À propos de la parenté transgenre…
Selon la Cour européenne des droits de l’homme, le refus des autorités étatiques d’inscrire sur l’état civil un homme transgenre en tant que père ou une femme transgenre en tant que mère ne viole pas la Convention européenne des droits de l’homme.
Dans la première affaire, le parent transgenre, de nationalité allemande, est déclaré né de sexe féminin. En 2011, il obtient le changement de sexe à l’état civil avec changement de prénom, tout en conservant son appareil reproducteur féminin. En 2013, il accouche d’un garçon né d’un don de sperme, le donneur ayant consenti à ne pas avoir le statut de père légal de l’enfant. Le parent transgenre demande alors au service de l’état civil de l’inscrire comme père de l’enfant et de laisser libre la case prévue pour consigner le nom de la mère. L’officier de l’état civil s’interroge toutefois quant à la question de savoir si le parent transgenre doit être inscrit en tant que père ou en tant que mère de l’enfant.

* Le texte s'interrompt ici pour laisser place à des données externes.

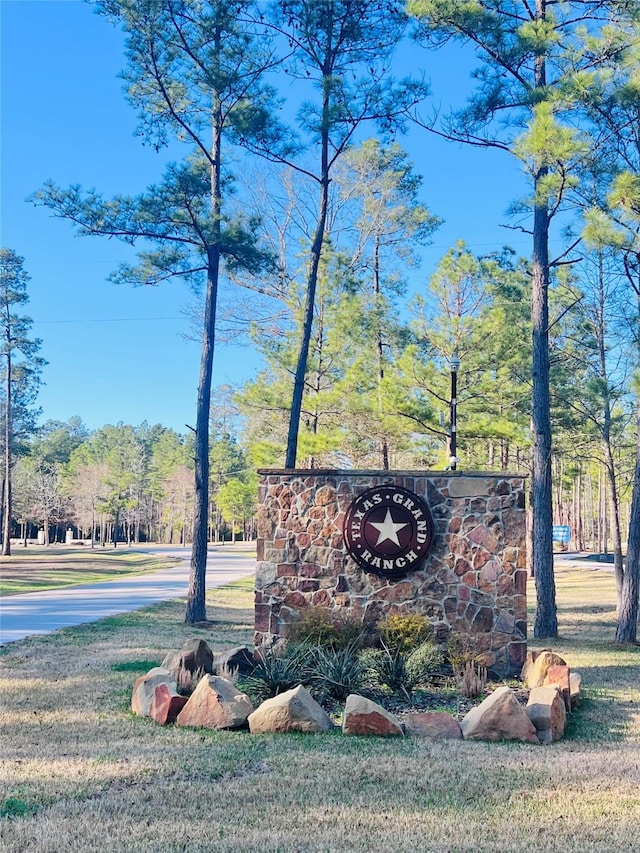 community / neighborhood sign with a lawn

En première instance, en appel puis au niveau fédéral, les juges statuent dans le sens de l’inscription en tant que mère. Quant à la Cour européenne, elle se prononce sur la conventionnalité de la décision de la Cour fédérale de justice au regard de l’article 8 de la Convention.
Tout d’abord, elle écarte l’atteinte au droit au respect de la vie familiale au motif que les requérants (le parent transgenre et l’enfant) « vivent ensemble dans une relation parent-enfant et que l’existence du lien de parenté entre eux n’est pas contestée en soi ». S’agissant ensuite de l’ingérence alléguée dans l’exercice du droit au respect de leur vie privée, la Cour européenne souligne l’absence de consensus sur la question de savoir comment indiquer, dans les registres de l’état civil concernant un enfant, que l’une des personnes ayant la qualité de parent est transgenre. Elle considère dès lors que les États jouissent, en la matière, d’une large marge nationale d’appréciation.
Eu égard, par ailleurs, au fait que le lien de filiation entre les requérants n’a pas été mis en cause en soi et au nombre limité de situations pouvant mener, lors de la présentation d’un acte de naissance de l’enfant, à la révélation de l’identité transgenre du parent, la Cour conclut à l’absence de violation de l’article 8.
Dans la seconde affaire, la CEDH retient la même solution à propos d’un parent transgenre né de sexe masculin et ayant obtenu la reconnaissance judiciaire de son changement de genre. Sa compagne avait accouché de leur fils conçu avec les gamètes mâles du parent transgenre, lequel a été inscrit dans le registre des naissances comme père de l’enfant, et non comme deuxième mère.